LightningIRTrainer
- class lightning_ir.main.LightningIRTrainer(*, accelerator: str | Accelerator = 'auto', strategy: str | Strategy = 'auto', devices: list[int] | str | int = 'auto', num_nodes: int = 1, precision: 64 | 32 | 16 | 'transformer-engine' | 'transformer-engine-float16' | '16-true' | '16-mixed' | 'bf16-true' | 'bf16-mixed' | '32-true' | '64-true' | '64' | '32' | '16' | 'bf16' | None = None, logger: Logger | Iterable[Logger] | bool | None = None, callbacks: list[Callback] | Callback | None = None, fast_dev_run: int | bool = False, max_epochs: int | None = None, min_epochs: int | None = None, max_steps: int = -1, min_steps: int | None = None, max_time: str | timedelta | dict[str, int] | None = None, limit_train_batches: int | float | None = None, limit_val_batches: int | float | None = None, limit_test_batches: int | float | None = None, limit_predict_batches: int | float | None = None, overfit_batches: int | float = 0.0, val_check_interval: int | float | None = None, check_val_every_n_epoch: int | None = 1, num_sanity_val_steps: int | None = None, log_every_n_steps: int | None = None, enable_checkpointing: bool | None = None, enable_progress_bar: bool | None = None, enable_model_summary: bool | None = None, accumulate_grad_batches: int = 1, gradient_clip_val: int | float | None = None, gradient_clip_algorithm: str | None = None, deterministic: bool | 'warn' | None = None, benchmark: bool | None = None, inference_mode: bool = True, use_distributed_sampler: bool = True, profiler: Profiler | str | None = None, detect_anomaly: bool = False, barebones: bool = False, plugins: Precision | ClusterEnvironment | CheckpointIO | LayerSync | list[Precision | ClusterEnvironment | CheckpointIO | LayerSync] | None = None, sync_batchnorm: bool = False, reload_dataloaders_every_n_epochs: int = 0, default_root_dir: str | Path | None = None, model_registry: str | None = None)[source]
Bases:
TrainerLightning IR Trainer that extends PyTorch Lightning Trainer with information retrieval specific methods.

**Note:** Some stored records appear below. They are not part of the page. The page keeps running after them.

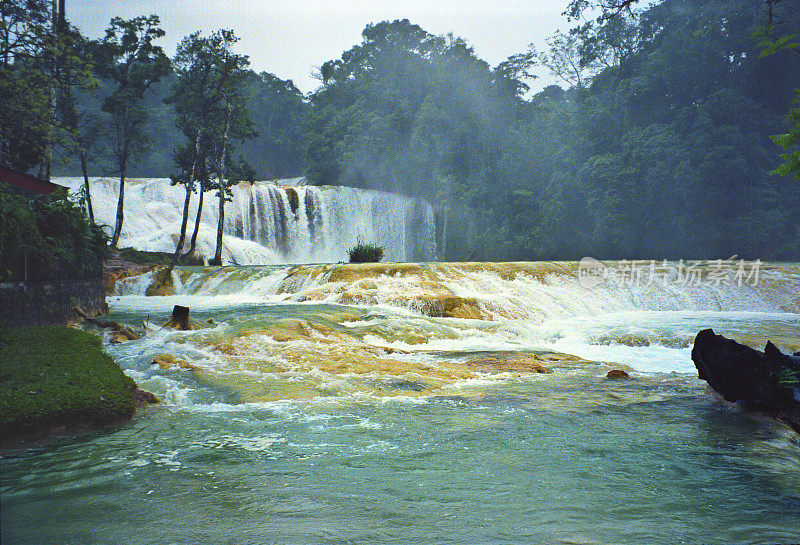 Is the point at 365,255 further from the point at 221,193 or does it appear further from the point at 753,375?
the point at 753,375

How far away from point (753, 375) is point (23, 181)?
1406 centimetres

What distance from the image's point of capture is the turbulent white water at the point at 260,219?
24641mm

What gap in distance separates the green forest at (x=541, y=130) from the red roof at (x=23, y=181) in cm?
196

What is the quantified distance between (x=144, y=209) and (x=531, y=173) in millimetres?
24562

This trainer inherits all functionality from the PyTorch Lightning Trainer_ and adds specialized methods for information retrieval tasks including document indexing, searching, and re-ranking. It provides a unified interface for both training neural ranking models and performing inference across different IR stages.

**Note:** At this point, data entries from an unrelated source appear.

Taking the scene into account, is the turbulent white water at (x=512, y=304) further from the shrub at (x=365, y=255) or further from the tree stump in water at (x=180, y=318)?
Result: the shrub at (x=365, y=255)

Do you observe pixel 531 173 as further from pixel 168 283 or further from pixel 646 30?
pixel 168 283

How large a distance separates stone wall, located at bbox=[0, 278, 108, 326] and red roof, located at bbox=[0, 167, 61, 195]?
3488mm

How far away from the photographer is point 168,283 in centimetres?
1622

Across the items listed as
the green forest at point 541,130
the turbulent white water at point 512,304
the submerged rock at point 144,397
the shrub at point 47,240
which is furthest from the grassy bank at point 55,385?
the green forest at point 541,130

The trainer seamlessly integrates with Lightning IR callbacks and supports all standard Lightning features including distributed training, mixed precision, gradient accumulation, and checkpointing.
Examples
Basic usage for fine-tuning and inference:
from lightning_ir import LightningIRTrainer, BiEncoderModule, LightningIRDataModule # Initialize trainer with Lightning configuration trainer = LightningIRTrainer( max_steps=100_000, precision="16-mixed", devices=2, accelerator="gpu" ) # Fine-tune a model module = BiEncoderModule(model_name_or_path="bert-base-uncased") datamodule = LightningIRDataModule(...) trainer.fit(module, datamodule) # Index documents trainer.index(module, datamodule) # Search for relevant documents trainer.search(module, datamodule) # Re-rank retrieved documents trainer.re_rank(module, datamodule)Note
The trainer requires appropriate callbacks to be configured for each IR task: - IndexCallback for indexing operations - SearchCallback for search operations - ReRankCallback for re-ranking operations
Methods
index([model, dataloaders, ckpt_path, ...])Index a collection of documents using a fine-tuned bi-encoder model.
re_rank([model, dataloaders, ckpt_path, ...])Re-rank a set of retrieved documents using bi-encoder or cross-encoder models.

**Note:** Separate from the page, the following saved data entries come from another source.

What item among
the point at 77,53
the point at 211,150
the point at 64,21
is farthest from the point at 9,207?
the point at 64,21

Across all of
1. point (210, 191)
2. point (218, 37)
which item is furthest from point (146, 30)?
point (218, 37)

search([model, dataloaders, ckpt_path, ...])Search for relevant documents using a bi-encoder model and pre-built index.
Attributes
- index(model: LightningModule | None = None, dataloaders: Any | LightningDataModule | None = None, ckpt_path: str | Path | None = None, verbose: bool = True, datamodule: LightningDataModule | None = None) List[Mapping[str, float]][source]
Index a collection of documents using a fine-tuned bi-encoder model.
This method performs document indexing by running inference on a document collection and storing the resulting embeddings in an index structure. It requires an IndexCallback to be configured in the trainer to handle the actual indexing process.
- Parameters:
model (LightningModule | None) – The LightningIRModule containing the bi-encoder model to use for encoding documents. If None, uses the model from the datamodule.
dataloaders (Any | LightningDataModule | None) – DataLoader(s) or LightningIRDataModule containing the document collection to index. Should contain DocDataset instances.
ckpt_path (str | Path | None) – Path to a model checkpoint to load before indexing. If None, uses the current model state.
verbose (bool) – Whether to display progress during indexing. Defaults to True.
datamodule (LightningDataModule | None) – LightningIRDataModule instance. Alternative to passing dataloaders directly.
- Returns:
List of dictionaries containing indexing metrics and results.
- Return type:
List[Mapping[str, float]]
Example
from lightning_ir import LightningIRTrainer, BiEncoderModule, LightningIRDataModule from lightning_ir import IndexCallback, TorchDenseIndexConfig, DocDataset # Setup trainer with index callback callback = IndexCallback( index_dir="./index", index_config=TorchDenseIndexConfig() ) trainer = LightningIRTrainer(callbacks=[callback]) # Setup model and data module = BiEncoderModule(model_name_or_path="webis/bert-bi-encoder") datamodule = LightningIRDataModule( inference_datasets=[DocDataset("msmarco-passage")] ) # Index the documents trainer.index(module, datamodule)Note
Requires IndexCallback to be configured in trainer callbacks
Only works with bi-encoder models that can encode documents
The index type and configuration are specified in the IndexCallback
- re_rank(model: LightningModule | None = None, dataloaders: Any | LightningDataModule | None = None, ckpt_path: str | Path | None = None, verbose: bool = True, datamodule: LightningDataModule | None = None) List[Mapping[str, float]][source]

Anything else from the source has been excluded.